Antes de ayer estaba unos minutos en Twitter mientras tomaba fuerza para meterme en la cocina a hacer la cena, cuando saltó la noticia.
No se sabía si había víctimas mortales. Basándose en testimonios de pasajeros del mismo tren, se hablaba de entre seis y nueve fallecidos.
Conforme pasaban los minutos la noticia empezaba a extenderse por toda la red social, aparecían los primeros #Hashtags y por desgracia, el número de víctimas mortales iba aumentando.
Es el accidente más grave de tren ocurrido en España.
Uno se pregunta ante cosas así: ¿Cómo es posible que sucedan estos accidentes a día de hoy? A pesar de los avances tecnológicos, a pesar de las infraestructuras, a pesar…
Ayer era la noticia que ocupaba todas las portadas de los diarios, todas las conversaciones de los bares,todos los tweets de las celebridades, las declaraciones de los políticos…
Dolor, solidaridad, cooperación, apoyo… Son palabras que se quedan muy cortas pero, ¡qué puede uno decir ante una catástrofe de esta magnitud!
Son muchos los sentimientos que afloran, el primero el de empatizar con los familiares de las víctimas.
Todos cogemos trenes y en consecuencia, todos podríamos haber estado en el tren siniestrado.
Ayer Twitter era un homenaje al terrible suceso, durante todo el día los Hashtags referentes a ello fueron TT
Me llamó la atención leer algunos tweets en los que se hacía una dura crítica al tipo de información que se estaba dando.
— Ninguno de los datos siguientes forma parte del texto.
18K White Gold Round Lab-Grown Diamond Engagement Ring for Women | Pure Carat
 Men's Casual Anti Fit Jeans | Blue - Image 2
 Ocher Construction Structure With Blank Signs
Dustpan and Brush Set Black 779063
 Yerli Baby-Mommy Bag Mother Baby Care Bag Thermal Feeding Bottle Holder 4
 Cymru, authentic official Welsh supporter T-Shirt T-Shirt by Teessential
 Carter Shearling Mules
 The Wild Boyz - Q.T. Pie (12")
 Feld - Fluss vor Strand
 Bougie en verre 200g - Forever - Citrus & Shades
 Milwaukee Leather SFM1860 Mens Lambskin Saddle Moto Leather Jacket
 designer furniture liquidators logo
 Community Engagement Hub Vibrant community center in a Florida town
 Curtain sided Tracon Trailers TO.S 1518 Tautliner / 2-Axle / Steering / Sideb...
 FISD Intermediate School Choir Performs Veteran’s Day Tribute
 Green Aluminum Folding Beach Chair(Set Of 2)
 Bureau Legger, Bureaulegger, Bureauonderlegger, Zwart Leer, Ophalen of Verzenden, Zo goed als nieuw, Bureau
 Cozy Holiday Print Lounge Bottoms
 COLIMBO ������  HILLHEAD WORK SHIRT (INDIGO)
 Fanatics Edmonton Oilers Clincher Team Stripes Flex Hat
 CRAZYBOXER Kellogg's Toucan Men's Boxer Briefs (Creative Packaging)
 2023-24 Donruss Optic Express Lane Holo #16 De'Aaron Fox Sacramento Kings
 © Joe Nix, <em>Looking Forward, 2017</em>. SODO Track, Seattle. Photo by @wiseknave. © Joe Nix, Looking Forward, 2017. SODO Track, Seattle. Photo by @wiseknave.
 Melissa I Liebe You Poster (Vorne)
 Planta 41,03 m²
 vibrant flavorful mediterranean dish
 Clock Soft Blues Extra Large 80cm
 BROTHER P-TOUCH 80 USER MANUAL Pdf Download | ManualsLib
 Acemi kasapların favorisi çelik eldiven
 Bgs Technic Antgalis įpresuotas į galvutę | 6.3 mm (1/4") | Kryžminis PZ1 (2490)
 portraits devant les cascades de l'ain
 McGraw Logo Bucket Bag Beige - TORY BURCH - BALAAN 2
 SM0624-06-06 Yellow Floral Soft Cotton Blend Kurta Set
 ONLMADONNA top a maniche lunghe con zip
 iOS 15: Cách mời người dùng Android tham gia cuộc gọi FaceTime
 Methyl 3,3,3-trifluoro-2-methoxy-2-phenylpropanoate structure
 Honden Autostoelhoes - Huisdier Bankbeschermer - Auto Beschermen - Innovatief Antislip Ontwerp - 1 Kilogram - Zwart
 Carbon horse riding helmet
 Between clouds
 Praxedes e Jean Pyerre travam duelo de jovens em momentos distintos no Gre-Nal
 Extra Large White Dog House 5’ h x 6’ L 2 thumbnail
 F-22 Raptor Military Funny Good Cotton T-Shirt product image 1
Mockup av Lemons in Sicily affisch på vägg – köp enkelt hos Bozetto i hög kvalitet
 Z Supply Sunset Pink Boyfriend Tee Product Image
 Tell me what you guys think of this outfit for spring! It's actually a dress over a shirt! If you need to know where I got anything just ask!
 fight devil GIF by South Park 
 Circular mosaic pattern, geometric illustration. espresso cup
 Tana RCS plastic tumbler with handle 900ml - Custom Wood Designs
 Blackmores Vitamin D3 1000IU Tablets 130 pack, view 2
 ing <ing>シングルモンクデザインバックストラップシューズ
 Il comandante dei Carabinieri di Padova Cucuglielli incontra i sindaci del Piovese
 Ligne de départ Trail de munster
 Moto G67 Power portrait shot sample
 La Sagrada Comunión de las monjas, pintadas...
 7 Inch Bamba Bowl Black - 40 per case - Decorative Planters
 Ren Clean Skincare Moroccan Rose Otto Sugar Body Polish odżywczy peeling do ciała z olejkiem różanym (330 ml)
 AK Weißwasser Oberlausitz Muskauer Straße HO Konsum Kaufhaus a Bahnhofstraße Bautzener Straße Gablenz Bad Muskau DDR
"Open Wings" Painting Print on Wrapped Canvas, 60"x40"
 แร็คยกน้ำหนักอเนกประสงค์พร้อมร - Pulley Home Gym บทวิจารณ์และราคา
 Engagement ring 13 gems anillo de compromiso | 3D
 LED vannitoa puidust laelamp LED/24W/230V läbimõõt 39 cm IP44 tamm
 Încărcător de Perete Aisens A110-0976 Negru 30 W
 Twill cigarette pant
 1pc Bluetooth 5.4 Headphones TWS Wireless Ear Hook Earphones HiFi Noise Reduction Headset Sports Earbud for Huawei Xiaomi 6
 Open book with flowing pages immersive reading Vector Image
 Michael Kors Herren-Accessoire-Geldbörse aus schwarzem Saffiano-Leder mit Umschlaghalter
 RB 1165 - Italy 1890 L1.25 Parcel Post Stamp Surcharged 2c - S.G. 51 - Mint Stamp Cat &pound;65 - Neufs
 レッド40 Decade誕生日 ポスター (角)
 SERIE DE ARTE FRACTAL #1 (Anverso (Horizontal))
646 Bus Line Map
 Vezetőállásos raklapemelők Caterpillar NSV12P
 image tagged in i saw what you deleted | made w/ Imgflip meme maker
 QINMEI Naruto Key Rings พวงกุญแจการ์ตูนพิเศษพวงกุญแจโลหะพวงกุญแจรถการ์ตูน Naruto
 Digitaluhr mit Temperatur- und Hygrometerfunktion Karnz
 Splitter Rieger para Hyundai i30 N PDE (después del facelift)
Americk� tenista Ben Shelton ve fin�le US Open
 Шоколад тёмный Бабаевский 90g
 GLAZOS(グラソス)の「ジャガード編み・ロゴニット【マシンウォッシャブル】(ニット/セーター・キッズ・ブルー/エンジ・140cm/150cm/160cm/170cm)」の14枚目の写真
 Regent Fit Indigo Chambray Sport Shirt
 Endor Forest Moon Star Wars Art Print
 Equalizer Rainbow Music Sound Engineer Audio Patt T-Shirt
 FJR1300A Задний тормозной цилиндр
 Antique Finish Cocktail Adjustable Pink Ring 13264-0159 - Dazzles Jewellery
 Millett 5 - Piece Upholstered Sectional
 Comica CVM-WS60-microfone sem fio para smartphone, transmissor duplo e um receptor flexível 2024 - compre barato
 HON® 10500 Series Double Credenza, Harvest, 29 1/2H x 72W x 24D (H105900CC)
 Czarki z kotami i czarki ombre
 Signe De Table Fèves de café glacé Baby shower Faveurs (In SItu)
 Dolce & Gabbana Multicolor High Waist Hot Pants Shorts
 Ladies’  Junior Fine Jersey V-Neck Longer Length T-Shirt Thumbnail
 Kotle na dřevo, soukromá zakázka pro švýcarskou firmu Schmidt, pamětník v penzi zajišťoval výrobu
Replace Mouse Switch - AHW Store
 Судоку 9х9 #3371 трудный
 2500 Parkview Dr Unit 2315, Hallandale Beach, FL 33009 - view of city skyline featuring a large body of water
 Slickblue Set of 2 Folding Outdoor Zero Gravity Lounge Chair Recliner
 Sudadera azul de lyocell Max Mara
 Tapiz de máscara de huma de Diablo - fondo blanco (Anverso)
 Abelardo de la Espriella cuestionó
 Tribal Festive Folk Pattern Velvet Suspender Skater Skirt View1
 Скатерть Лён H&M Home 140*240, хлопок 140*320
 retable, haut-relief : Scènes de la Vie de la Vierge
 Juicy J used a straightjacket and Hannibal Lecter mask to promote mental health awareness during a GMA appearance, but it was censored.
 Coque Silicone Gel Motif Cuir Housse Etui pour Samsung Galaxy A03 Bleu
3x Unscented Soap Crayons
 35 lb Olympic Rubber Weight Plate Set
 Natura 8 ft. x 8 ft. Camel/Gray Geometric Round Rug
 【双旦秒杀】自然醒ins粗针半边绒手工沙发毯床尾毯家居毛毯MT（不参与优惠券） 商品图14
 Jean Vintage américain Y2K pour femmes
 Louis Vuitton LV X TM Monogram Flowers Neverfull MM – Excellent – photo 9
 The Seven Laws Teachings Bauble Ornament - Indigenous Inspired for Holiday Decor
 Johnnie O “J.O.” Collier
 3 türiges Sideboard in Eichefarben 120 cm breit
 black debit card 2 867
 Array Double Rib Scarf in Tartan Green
No quise ver ningún vídeo y de hecho a penas he visto dos fotos. He leído tanto prensa española como extranjera hablando sobre ello. Algunos artículos de opinión, algunos sobre si el sistema de frenado era el de los años setenta en ese tramo de la vía, otros en los que se intentaba reproducir el ambiente que se vive en las salas donde esperan los familiares…
Con todo esto quiero decir que me ha afectado mucho la noticia y me ha interesado informarme sobre lo sucedido, pero no he necesitado para ello ver imágenes ni del dolor de los afectados, ni del siniestro en sí.
Es lógico que una noticia así sea de un alto interés y ocupe, al menos al día siguiente del suceso, la mayor parte del contenido de todos los medios de comunicación.
Lo que no es lógico pero sí muy reprochable, es hacer un espectáculo morboso y nada respetuoso para los familiares de las víctimas, de todo ello disfrazándolo de información.
La información real, la que nos importa , es la causa del accidente.
Y no quiero culpabilizar sólo a los medios que difunden este tipo de contenidos sino también al espectador que los consume.